Es domingo. Me atreví a preguntar. -Sí, puedes salir a jugar, pero antes de ponerse el Sol tienes que volver, no me gusta que andes por la calle cuando se haga de noche. -Me ponía un vestido bonito, y me peinaba con dos largas trenzas, en las que me ponía dos lazos blancos como dos grandes mariposas. Luego, en ocasiones, se rebuscaba en su faltriquera y me daba una perra gorda, o, como mucho, tres chicas. Siempre me las gastaba en confites de anís.
En las largas noches, sobre todo en invierno, empleábamos el tiempo escogiendo los garbanzos, naturalmente, uno a uno, ya que abundaban las impurezas, era el menú casi diario.
Otras noches me tocaba leer una página de un libro cualquiera, mi abuela era sumamente metódica, y yo, obediente y sumisa.

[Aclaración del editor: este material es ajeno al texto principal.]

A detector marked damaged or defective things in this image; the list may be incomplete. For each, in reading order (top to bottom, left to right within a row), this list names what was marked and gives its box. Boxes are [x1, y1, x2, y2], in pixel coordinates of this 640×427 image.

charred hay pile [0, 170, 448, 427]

A veces me ponía como deberes copiar la página que había leído el día anterior; un día a la semana tocaba hacer cuentas y estudiar la tabla de multiplicar. En fin, pocas horas tenía libre. Por el día tocaba labores: ganchillo, el fatídico punto de cruz, punto de media, pero sobre todo coser: hacer zurcidos y piezas en la ropa ya rota, los calcetines eran una tortura, cada día se rompían. Todo era rutina: desde entonces la detesto.
Antes de irnos a dormir, era como un ritual, mi abuela cerraba las
puertas, le daba cuerda al reloj despertados que posaba en el basar, sólo funcionaba si estaba echado en su propio costado y cambiaba la hoja al almanaque perpetuo que colgaba de la pared. Cuando yo era casi una adolescente, mi abuela enfermó. Una mañana fría del mes de noviembre se me fue para siempre.
Yo sentí un gran dolor y pensé que se había llevado un trozo de mi. Hoy es un pasado muy lejano, pero aquellas huellas monótonas me fueron de gran provecho a lo largo de toda mi vida, porque me enseñaron a saber estar, a escuchar, a obedecer y tantas y tantas cosas de provecho. Lástima que casi no supe aprovecharlos o no quise, a lo mejor porque la creí poco adecuadas para mi época.